I want to focus my remarks on Amendment 219 and Amendment 218, tabled by the noble Lord, Lord Lansley. Amendment 219 would require local planning authorities to have a local plan that reaches or exceeds the requirement for housing prescribed by the Secretary of State. Amendment 218 would nail this down further by requiring strict conformity with the Secretary of State’s targets, using a method of calculation specified by the Secretary of State. We should be clear that, taken together, these amendments would mean that local land allocations for housing would essentially be taken away from local planning authorities and placed back in the hands of the Secretary of State. This would be a reversion to the statutory situation that obtained at some very distant time in the past—some 12 months and three Prime Ministers ago. It is a policy position that was denounced by the previous Prime Minister as Stalinist, and was this week repudiated by the current Prime Minister when speaking on the BBC. He said he saw an urgent need for change to the existing policy, assisted materially by conversations he had had last summer with Conservative councillors all over the country, who spelled out to him its consequences and the damaging impacts it was having locally.

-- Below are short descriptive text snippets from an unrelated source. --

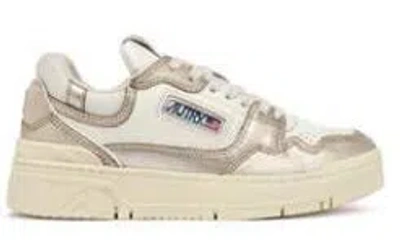 Autry Retro-inspired Sneakers With Chunky Sole And Metallic Accents In Neutral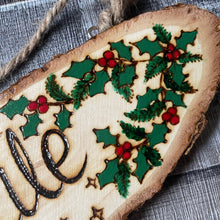 Load image into Gallery viewer, Yule Hanging Wooden Oval Sign |Pyrography Altar Decor | Woodburning Home Decor | Pagan Sabbats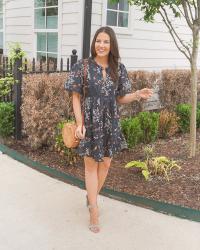 Short Sleeve Floral Print Dress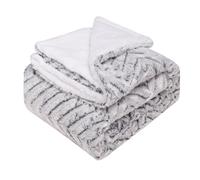 Thick Double Layer Sheep Wool Blanket - Plush Fleece, Faux Blanket | Soft Thermal Bed Blanket for Winter, Sherpa Blanket for Sofa | Warm Double Layer Ribbed Blanket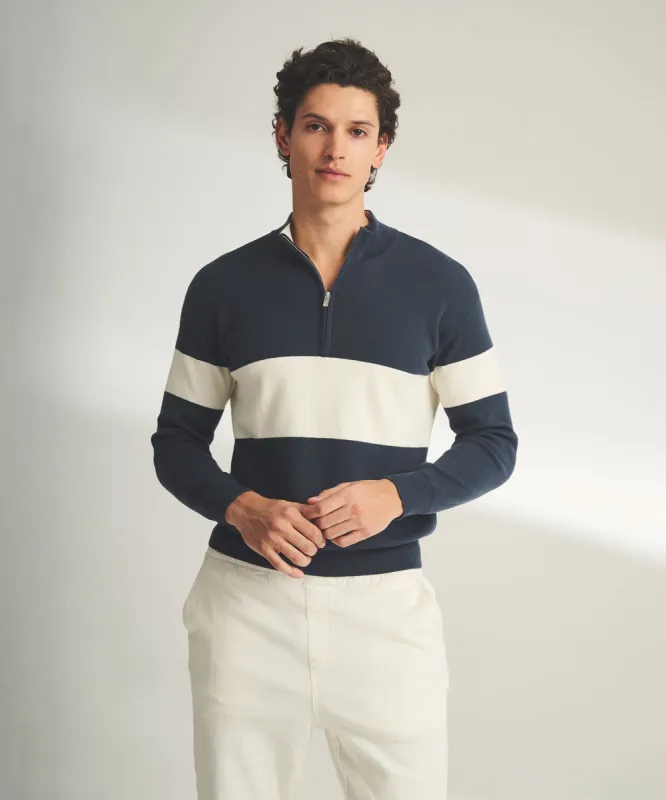 Café Cotton Cashmere Striped  Quarter Zip sold by Naadam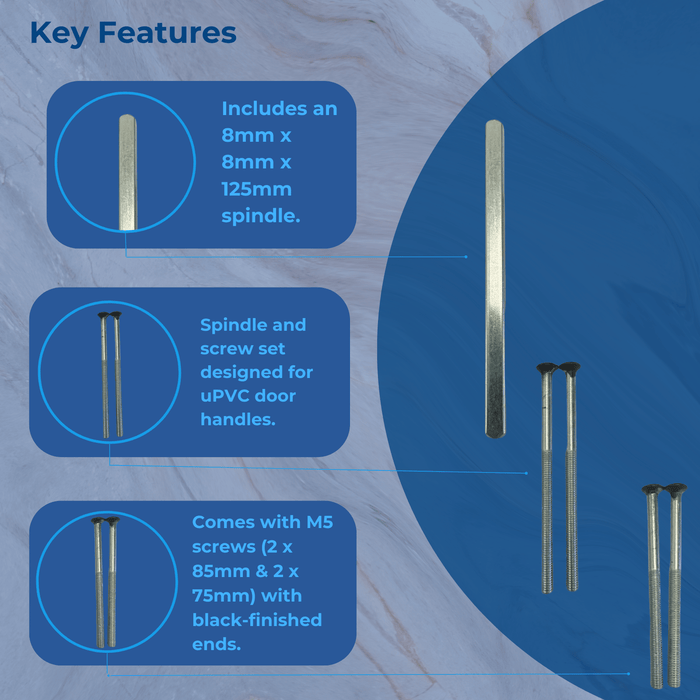 uPVC Door Handle Spindle And Screw Fixing Kit Black M5 x 75 M5 x 85 Door Screws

A close reading of the two amendments suggests that, actually, they may seek to go slightly further back, to something that is even more Stalinist than the preceding Prime Minister was suggesting. The drafting of Amendment 218 appears to say not only that falling below the target would not be permitted but neither would exceeding it, because it has to be in strict conformity with the targets that have been set by the Secretary of State—not a house more, not a house less.
Noble Lords who are proposing this pair of amendments are certainly quite right to point out that the current situation suits nobody, least of all the tens of thousands of families on council waiting lists or the many others for whom a house purchase is hopelessly beyond their means and for whom renting can only ever be an inadequate, insecure and expensive option, given the current size and nature of the housing stock. They are also right to point out that the current policy uncertainty has paralysed local plan decision-making, slowed site allocations, and infuriated the development and housing industries.
We need more homes urgently. Specifically, we need many more social homes for rent. If money was switched from the Help to Buy programme to investing in those homes, as we on this side have often advocated, that would make a start, but the supporters of these two amendments need to explain in more detail how going back to the status quo ante will deliver the outcome that they desire. Not once did the system to which they are now encouraging us to go back deliver 300,000 net new homes a year, or even near it. The noble Lord, Lord Lansley, drew that to our attention. The old system was not delivering, so reinstating it seems unlikely to work miracles. Indeed, I shall quote the noble Lord, Lord Lansley, in respect of another matter he spoke about: repeating something that you know does not work is verging on madness.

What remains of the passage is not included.